YOUR OBJECTIVE:
Repeat the stretch of entries below from the line with "Processador Ryzen 5" through the line with "Bundle Easy Listening records". Include both ends and add nothing.

GIVEN ENTRIES:
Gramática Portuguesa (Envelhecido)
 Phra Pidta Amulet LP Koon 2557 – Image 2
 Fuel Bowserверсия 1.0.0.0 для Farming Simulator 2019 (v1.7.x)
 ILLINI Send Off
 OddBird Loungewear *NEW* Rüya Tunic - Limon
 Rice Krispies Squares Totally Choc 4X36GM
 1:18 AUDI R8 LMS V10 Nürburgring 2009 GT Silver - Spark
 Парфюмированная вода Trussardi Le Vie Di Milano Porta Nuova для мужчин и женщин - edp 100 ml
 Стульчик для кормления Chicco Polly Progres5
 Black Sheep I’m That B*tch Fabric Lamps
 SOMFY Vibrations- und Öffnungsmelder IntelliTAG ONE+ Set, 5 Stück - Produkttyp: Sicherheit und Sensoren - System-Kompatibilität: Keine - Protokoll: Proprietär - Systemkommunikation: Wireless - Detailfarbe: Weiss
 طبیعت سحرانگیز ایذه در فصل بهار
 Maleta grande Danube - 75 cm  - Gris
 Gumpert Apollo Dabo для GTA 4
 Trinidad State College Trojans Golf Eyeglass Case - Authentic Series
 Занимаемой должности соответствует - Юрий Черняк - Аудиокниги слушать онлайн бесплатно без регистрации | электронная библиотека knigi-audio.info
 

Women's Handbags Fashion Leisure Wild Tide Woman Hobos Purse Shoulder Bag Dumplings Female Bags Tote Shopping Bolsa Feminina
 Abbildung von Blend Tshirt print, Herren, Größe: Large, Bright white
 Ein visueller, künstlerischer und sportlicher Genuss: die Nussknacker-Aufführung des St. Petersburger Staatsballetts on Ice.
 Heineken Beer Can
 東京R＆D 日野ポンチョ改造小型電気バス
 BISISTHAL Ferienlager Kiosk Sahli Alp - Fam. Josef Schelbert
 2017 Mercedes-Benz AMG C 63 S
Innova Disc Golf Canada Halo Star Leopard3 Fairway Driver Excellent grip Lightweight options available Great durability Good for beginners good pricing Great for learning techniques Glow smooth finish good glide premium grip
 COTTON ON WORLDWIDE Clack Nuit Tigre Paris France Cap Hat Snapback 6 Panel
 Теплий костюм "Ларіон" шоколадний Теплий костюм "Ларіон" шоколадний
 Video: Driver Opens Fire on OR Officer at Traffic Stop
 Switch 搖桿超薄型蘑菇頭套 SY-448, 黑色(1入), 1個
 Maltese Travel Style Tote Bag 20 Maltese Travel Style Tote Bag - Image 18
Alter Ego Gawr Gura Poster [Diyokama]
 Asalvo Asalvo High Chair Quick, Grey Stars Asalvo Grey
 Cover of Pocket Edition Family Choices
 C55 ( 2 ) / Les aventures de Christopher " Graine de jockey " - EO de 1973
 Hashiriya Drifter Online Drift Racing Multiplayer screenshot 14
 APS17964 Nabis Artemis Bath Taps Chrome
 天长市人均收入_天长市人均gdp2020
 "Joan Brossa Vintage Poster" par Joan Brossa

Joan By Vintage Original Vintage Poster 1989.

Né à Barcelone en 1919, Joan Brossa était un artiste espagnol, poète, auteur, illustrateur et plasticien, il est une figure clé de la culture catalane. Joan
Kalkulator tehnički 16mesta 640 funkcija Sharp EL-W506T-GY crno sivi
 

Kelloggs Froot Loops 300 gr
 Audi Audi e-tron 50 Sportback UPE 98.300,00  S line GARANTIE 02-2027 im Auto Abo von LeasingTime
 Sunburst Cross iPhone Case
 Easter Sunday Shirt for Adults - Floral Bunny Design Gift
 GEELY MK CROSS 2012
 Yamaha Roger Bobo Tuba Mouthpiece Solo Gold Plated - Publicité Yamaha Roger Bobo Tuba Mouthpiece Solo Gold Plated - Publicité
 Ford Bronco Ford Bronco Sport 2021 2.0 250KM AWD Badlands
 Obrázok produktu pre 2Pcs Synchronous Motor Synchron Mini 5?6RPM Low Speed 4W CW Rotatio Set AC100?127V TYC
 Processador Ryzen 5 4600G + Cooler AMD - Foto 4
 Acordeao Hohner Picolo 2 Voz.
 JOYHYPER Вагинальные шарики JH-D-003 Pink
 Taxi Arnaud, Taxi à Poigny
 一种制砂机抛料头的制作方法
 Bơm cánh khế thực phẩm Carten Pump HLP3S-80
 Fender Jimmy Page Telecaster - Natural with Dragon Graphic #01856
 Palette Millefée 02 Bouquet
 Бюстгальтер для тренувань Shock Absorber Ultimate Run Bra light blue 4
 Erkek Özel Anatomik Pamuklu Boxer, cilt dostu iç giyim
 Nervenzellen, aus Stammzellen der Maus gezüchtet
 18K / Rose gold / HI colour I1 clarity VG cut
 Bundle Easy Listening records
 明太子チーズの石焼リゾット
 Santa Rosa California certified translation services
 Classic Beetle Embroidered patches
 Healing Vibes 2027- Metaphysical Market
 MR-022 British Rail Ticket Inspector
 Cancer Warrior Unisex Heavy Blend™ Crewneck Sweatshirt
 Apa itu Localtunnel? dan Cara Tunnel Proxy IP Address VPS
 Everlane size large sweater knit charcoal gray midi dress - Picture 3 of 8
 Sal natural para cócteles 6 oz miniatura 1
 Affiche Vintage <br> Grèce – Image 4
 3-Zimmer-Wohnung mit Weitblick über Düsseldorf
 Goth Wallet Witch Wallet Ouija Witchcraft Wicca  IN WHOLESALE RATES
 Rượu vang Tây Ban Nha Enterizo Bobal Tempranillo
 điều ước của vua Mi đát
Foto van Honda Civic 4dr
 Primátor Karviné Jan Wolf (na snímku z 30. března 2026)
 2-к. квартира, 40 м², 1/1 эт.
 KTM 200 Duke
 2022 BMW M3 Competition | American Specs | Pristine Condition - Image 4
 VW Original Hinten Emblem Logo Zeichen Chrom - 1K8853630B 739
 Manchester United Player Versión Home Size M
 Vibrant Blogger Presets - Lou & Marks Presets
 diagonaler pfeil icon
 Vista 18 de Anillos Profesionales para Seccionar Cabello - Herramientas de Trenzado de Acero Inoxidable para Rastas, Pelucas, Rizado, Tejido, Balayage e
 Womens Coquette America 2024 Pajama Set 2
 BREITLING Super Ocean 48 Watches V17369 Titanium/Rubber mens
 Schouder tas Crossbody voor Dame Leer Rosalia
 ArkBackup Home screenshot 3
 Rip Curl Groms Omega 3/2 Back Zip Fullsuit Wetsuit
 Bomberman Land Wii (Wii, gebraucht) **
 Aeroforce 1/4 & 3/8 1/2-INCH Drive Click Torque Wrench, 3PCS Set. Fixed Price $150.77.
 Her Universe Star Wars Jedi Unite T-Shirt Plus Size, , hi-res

PROBLEM SOLUTION:
 Processador Ryzen 5 4600G + Cooler AMD - Foto 4
 Acordeao Hohner Picolo 2 Voz.
 JOYHYPER Вагинальные шарики JH-D-003 Pink
 Taxi Arnaud, Taxi à Poigny
 一种制砂机抛料头的制作方法
 Bơm cánh khế thực phẩm Carten Pump HLP3S-80
 Fender Jimmy Page Telecaster - Natural with Dragon Graphic #01856
 Palette Millefée 02 Bouquet
 Бюстгальтер для тренувань Shock Absorber Ultimate Run Bra light blue 4
 Erkek Özel Anatomik Pamuklu Boxer, cilt dostu iç giyim
 Nervenzellen, aus Stammzellen der Maus gezüchtet
 18K / Rose gold / HI colour I1 clarity VG cut
 Bundle Easy Listening records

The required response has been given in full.